A good friend of mine, Eddie Berman, showed me a neat paper, On Machine Learning and Programming Languages. In short, this paper tries to sell the Julia Programming Language and the Flux Machine Learning Library by arguing the complexity of machine learning requires a dedicated programming language (and of course implying Julia is this language.) The authors spend the (short) paper describing the complexities of machine learning, and how it can benefit from programming languages concepts.

In my opinion, this is the wrong way to sell a language like Julia. Although, note I lean on the formal methods/programming languages side of things, so I'm biased. I think a better angle is to speak about Julia in terms of abstractions.


As is well-known with the concept of Turing completeness, any reasonable modern programming language can effectively simulate the code of any other modern programming language. The most complex program can you imagine can be written and ran in a language as esoteric as Brainfuck. So, why do we even care about writing programming languages other than, say, Brainfuck? The answer, I argue, can be summarized in the ergonomics of reasoning about abstractions.

Brainfuck directly reasons about Turing machine operations. Assembly reasons about CPU operations, which is effectively synonymous with Turing machine operations (abstracting out the CPU architecture nonsense.)

C, by comparison, is a language written to more effectively reason about the operations of a computer. It is equivalent operationally to the assembly it compiles down to. But, the language itself contains abstractions (in other words, loops, objects, standard library functions) that make reasoning about the computer easier. As many programmers will tell you, it is simply more ergonomic to work with computer memory in C than directly in assembly {1}.

From here, it follows why certain languages exist. Rust, for example, makes reasoning about memory even easier than C via the borrow checking procedure. Sure, you can implement the borrow checking procedure in C, but Rust has it built into the language with additional optimizations via the LLVM compiler toolchain.
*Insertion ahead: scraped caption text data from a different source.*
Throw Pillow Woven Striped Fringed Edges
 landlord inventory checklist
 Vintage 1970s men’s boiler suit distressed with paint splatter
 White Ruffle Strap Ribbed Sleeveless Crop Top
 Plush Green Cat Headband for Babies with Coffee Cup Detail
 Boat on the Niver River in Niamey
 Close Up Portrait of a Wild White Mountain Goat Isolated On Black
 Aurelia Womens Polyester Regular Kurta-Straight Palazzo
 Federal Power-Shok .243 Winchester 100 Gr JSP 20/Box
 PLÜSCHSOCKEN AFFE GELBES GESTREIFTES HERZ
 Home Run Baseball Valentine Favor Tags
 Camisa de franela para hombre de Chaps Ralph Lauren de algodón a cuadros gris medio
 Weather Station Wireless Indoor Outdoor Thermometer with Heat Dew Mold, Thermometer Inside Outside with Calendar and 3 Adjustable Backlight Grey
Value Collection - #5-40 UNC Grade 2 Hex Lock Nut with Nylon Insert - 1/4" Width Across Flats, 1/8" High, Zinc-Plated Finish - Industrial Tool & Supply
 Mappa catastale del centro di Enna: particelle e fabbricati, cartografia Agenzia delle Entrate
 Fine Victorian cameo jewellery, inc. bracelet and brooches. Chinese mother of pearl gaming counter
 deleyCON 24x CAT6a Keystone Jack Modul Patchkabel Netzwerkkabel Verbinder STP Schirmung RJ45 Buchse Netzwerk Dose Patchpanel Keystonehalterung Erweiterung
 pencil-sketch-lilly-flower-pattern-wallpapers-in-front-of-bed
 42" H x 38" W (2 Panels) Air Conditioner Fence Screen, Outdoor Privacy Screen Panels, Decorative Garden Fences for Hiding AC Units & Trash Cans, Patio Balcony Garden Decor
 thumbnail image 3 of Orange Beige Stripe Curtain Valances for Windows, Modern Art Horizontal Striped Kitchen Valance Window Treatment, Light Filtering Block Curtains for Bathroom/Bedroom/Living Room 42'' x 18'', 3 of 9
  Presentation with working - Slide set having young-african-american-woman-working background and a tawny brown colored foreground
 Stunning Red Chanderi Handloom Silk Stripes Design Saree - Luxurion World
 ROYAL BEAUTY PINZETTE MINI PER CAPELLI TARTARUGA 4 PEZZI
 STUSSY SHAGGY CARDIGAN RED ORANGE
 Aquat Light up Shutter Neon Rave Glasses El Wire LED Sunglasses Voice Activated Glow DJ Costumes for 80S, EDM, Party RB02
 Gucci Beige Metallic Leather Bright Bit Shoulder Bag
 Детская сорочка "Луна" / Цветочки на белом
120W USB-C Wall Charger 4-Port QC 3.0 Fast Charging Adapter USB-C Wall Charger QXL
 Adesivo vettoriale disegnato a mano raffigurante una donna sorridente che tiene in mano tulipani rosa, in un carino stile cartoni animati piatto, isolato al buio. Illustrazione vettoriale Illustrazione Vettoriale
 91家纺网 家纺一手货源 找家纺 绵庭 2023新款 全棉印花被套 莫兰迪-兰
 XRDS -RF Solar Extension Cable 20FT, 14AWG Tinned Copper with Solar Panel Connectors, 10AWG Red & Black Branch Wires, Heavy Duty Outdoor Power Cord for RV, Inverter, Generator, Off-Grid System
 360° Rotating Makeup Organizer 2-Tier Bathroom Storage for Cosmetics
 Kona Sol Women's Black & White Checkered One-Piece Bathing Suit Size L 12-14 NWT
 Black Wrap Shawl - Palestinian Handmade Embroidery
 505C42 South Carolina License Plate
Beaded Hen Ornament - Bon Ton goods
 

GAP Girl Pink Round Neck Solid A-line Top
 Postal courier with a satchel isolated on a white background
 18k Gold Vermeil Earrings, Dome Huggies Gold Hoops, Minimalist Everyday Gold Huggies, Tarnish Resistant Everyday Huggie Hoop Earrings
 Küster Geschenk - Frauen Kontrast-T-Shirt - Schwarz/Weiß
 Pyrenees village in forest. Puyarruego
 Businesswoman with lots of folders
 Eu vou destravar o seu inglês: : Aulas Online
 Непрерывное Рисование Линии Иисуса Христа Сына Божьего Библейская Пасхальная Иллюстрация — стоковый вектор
The paper speaks about successes of domain-specific languages in formal methods and verification. What the paper does not acknowledge, however, is more specialized verification languages and are generally written to more closely reason about the mathematical objects used in the verification procedures. For example, Promela, TLA+, and NuSMV use temporal logics and automata for verification. It is generally easy to see the languages themselves are built on top of these formalisms. Similarly, theorem proving languages such as Lean and Coq are built on top of the notion of checking type-equivalence between assumptions and propositions. Thus, these languages feature "tactics" to better manipulate the types of objects.

The paper makes the argument that machine learning models require languages of their own. I think it's a natural question for me to ask: what abstractions to do those in machine learning need to reason about? Tensors? Transformers? The paper makes broad allusions to very general abstractions such as recursion and recurrence (no, I'm not kidding lmao.)

Some Thoughts

In my opinion, different languages exist in the first place due to abstraction-specific optimization. Julia, for example, has lots of subtle optimizations for working with differential equations and doing numerical analysis. Those behind Julia know a lot about these objects, so of course Julia features lots of domain-specific optimizations. Is this not the selling point of Julia, or am I just missing something? At least to me, a formal methods person, it's abundantly clear that the domain-specific machinery can be implemented in a domain-specific language. What's the purpose of a paper like this?


{1} This notion of abstraction is most easily seen in functional languages that essentially build everything on top of lambda calculus.